> [Exercise goal] When you reach the line containing "Seattle, Washington, 98112, United", start transcribing exactly and continue through the last line of the data, skipping every picture.
··· Material provided
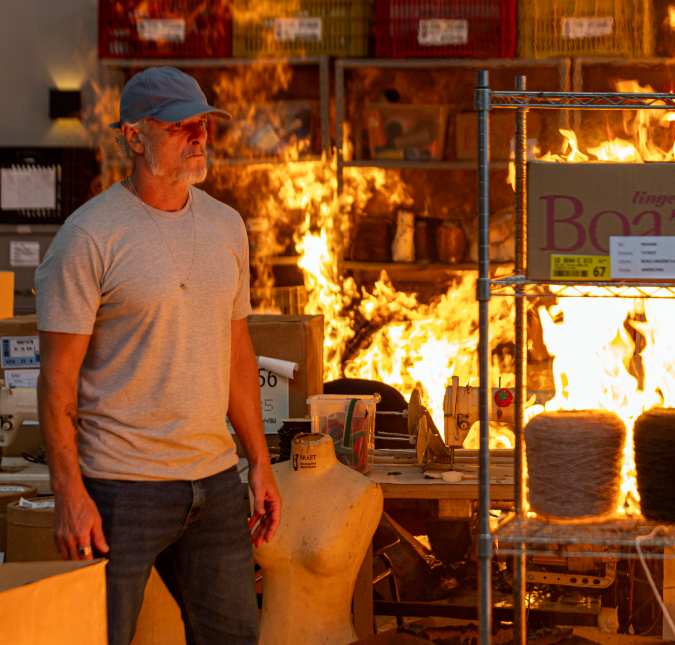 Em <i>Dona de Mim</i>, Jaques decide se vingar e provoca incêndio na fábrica Boaz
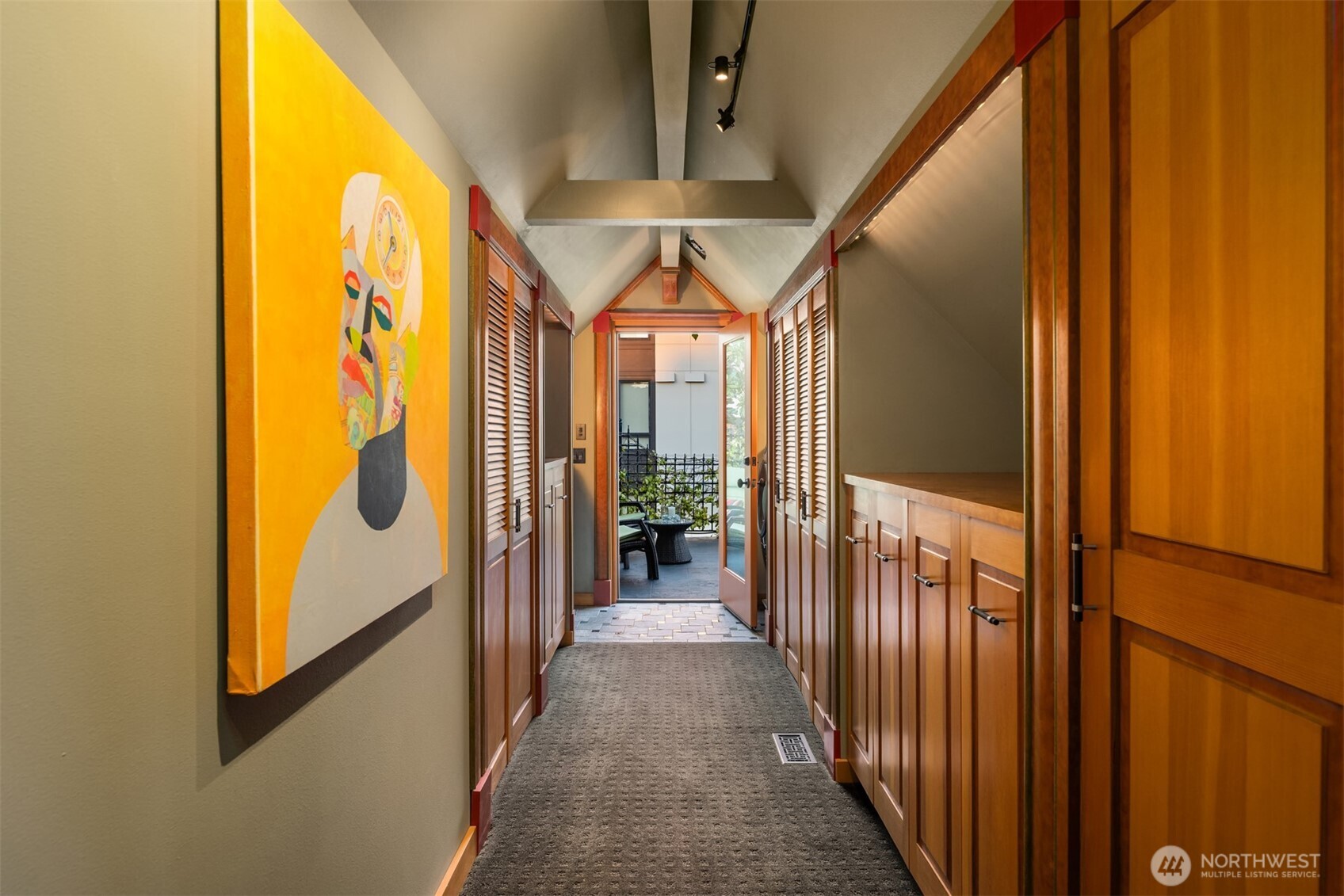 Seattle, Washington, 98112, United States, 3 Bedrooms Bedrooms, ,1 BathroomBathrooms,Residential,For Sale,1848014
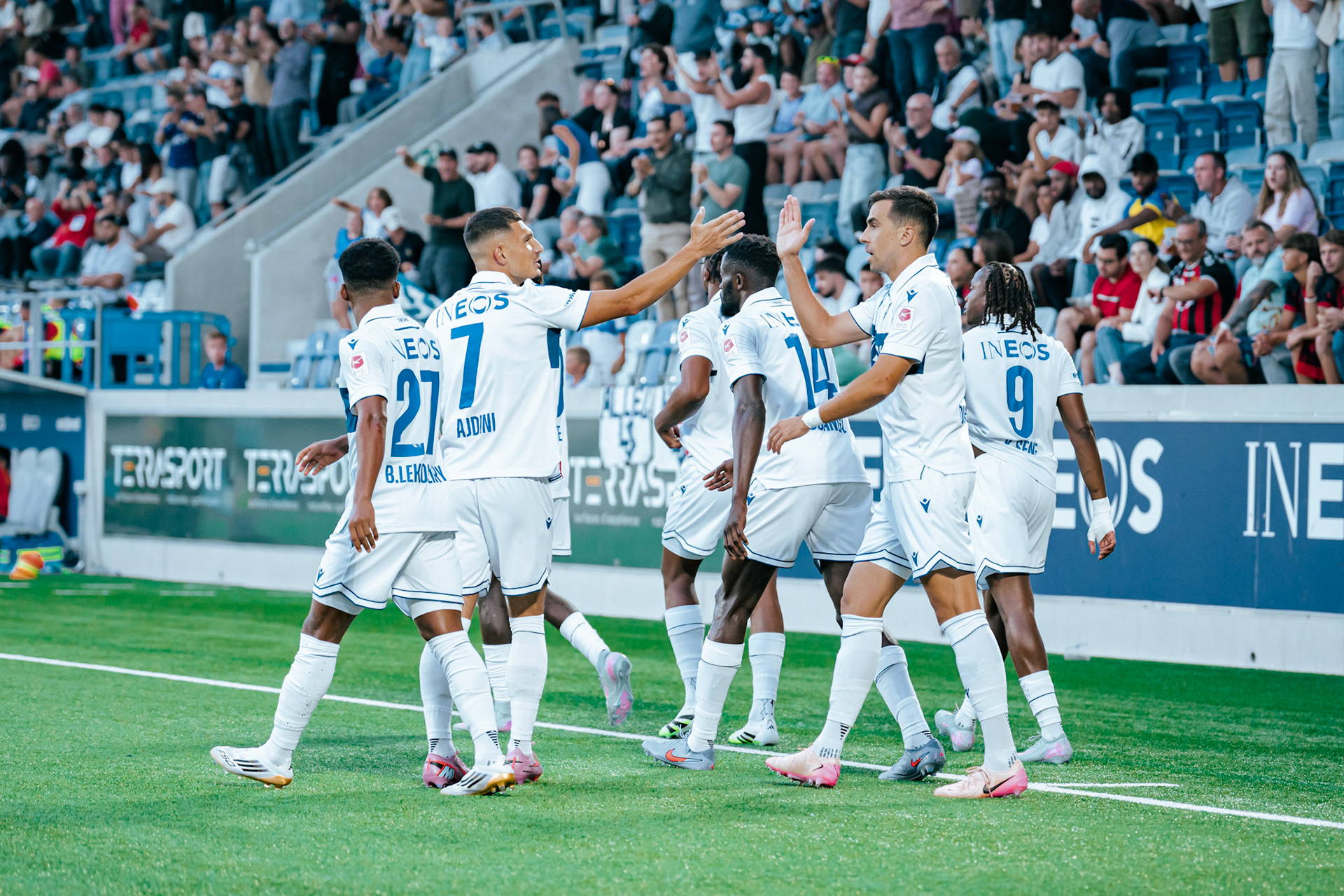 Lausanne-Sport - Vardar Skopje au Stade de la Tuilière. (Christian António/LibsVisuals.com)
······
> [Reply to the exercise]
 Seattle, Washington, 98112, United States, 3 Bedrooms Bedrooms, ,1 BathroomBathrooms,Residential,For Sale,1848014
 Lausanne-Sport - Vardar Skopje au Stade de la Tuilière. (Christian António/LibsVisuals.com)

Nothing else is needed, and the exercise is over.